On Mon, Sep 17, 2012 at 9:47 AM, And Rosta <and.rosta@hidden.email> wrote:
 

Mike S., On 17/09/2012 06:07:


> - Tones need vowels, mainly. Xorban formally pretends that predicate
> stems don't have vowels,

Yes and no. /@/ in the environment C@C doesn't count as a "V" for Xorban's morphological rules, but that doesn't mean that at a phonological level stems don't have vowels.

But the formalism doesn't contain /@/ at all.  Maybe I should have said "Xorban formally pretends that predicate stems don't have phonological vowels"?
 

> and lots of times they actually don't. So no matter how you slice and
> dice the "words", all the distinctions that tones could make right
> now would effectively be among closed class morphemes i.e. variables
> and operators. We don't really need to do that, precisely because
> they are closed class. In other words Xorban as it stands is a poor
> candidate for tonalization AFAICT.

I don't see a problem here. Ifonly word-final vowel-sequences bear low tone, then /@/ in the environment C@C will always bear high tone, i.e. will never be tonally contrastive.

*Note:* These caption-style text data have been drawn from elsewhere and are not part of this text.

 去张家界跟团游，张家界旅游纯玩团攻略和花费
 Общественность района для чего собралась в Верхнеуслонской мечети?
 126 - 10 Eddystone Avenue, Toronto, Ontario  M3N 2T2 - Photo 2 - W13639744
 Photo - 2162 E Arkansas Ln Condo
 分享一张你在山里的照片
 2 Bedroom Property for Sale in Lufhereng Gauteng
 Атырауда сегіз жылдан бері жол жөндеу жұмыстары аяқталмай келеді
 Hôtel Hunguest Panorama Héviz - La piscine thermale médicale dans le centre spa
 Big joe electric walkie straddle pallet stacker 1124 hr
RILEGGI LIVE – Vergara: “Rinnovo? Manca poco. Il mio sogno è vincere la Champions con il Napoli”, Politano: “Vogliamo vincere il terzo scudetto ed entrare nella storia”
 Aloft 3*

It's not a problem; it's just that, if I understand your idea, I don't see a significant net benefit in using tones to (effectively) increase the number of closed class morphemes.  The average CCM would undoubtedly be shorter, but we'd be asking everyone to learn something they're not accustomed to, and stems would still be C(@)C((@)C)* (which is exactly the sort of constraint that I came up with the L/H idea in order to obviate).  But maybe the benefit of your idea is more than I imagine.

 
> - If we wanted to put vowels back in Xorban predicate stems, then we
> would have a good reason for tonalization.

Rather, the tone system would make it possible to rethink the morphological rules for phonological patterns within words.

I've snipped your suggestions for what the patterns could be. I have my own (inchoate) ideas, too. But is it worth the effort of exploring them if the consensus is that tone gets the thumbs down?

Possibly.  I'd be interested to see whatever you cook up.


But I do think we should be thinking about the issue of tone before investing too much effort in working on the current morphology that's based on toneless phonology.

The morphology is so simple and the number of closed class morphemes so small that I don't think it would take any Herculean effort to give Xorban a new "skin".  Morneau used to tinker day to day with parts of his relatively more complex MTIL, and then every few months, completely burn down his morphology and rebuild it from practically from scratch.  The only thing that killed him is that each time that he did that, he had a substantial vocabulary that he had to refit into the new morphology. 

And that's where a real rub is:  We would need to finalize the phonology and morphology if we were to start designing the lexicon.

 
> <x, q> for /G, ?/ is less weird than <'> for /h/. Also less
> unwarranted.
>
> IMVHO they're all weird.

<'> has the additional weirdness of not being a letter, tho ther's orthographic precedent of it representing a schwa interconsonantally and [?].

Maybe it's worth considering <'> for the schwa and <q> for [?].  Then in my compounding scheme, the buffer vowel [y] would always be implicit (and often silent), and the hyphen vowel [9]/[@] would be represented by a lightweight punctuation mark.
 
As far as <h>, there is some precedence for it standing for [h\], so maybe that should be the letter assigned to [G], if that phoneme where added, leaving <x> for [h] or [x].  I know that <x>=[x] is pretty screwy for the Roman alphabet (except for archaic forms of Spanish), but it is easy to remember from Cyrillic.


>> As far as /w y/ which slightly confusingly are [y 9] as in Loglan,
>> although I know one is going to agree with this, I would use them
>> in stems in the following way.
>>
>> stem := (y) root (y root)* root := C (w) C ( (w) C )*
>>
>> /y/ would not be elidable,
>
> A stem would begin with unelidable /9/?
>
> That <y> would be elided if the onset were pronounceable, or if
> preceded by another word, and it wouldn't have to be spelled either
> way.

You could also have roots consisting of wC, where the initial w is obligatorily deleted following a vowel.

Yes, that would be equivalent.
 

>> The way I look at it, the reason that most of them start with the
>> glottal stop follows from a more general rule that all syllables
>> start with a non-null onset.
>
> Wouldn't it be more meaningful to say "the reason that all of them
> start with a consonant follow from a more general rule that all words
> start with a consonant"? Or would you rather not consider /./ a
> consonant?
>
> I think the intent of Lojban .uV, .iV is that the onset be .u, .i and
> the nucleus be the V, so the /./ isn't necessarily filling an
> otherwise empty onset -- tho if V are always nuclei then your
> formulation works.
>
>
> I think that Lojban's intent is made clear by things such as forms
> like <ia> being called "diphthongs", semivowels being spelled the
> same way as vowels, and semivowels not counting as consonants for the
> purpose of defining brivla boundaries. (Granted there are no rafsi
> like "kua" without the apostrophe to test this, but if there were,
> then my understanding is that they would be treated like CVV and not
> CCV; cf. "tai", not analyzed as CVC.)

Your arguments make sense. The specification of Lojban is too incomplete to really resolve the question. One unexplored possibility is that i,u are both consonants and vowels and some generalizations ostensibly pertaining to consonants or vowels should in fact be recast as generalizations pertaining to nonvowels or nonconsonants. I'm not proposing we have that discussion.

Right.  We both know where the Lojban list is if we want to talk about Lojban's specification.

ObXorban:  How would that last sentence be translated in Xorban?  Is there some odd illocutionary operator that we don't have yet involved?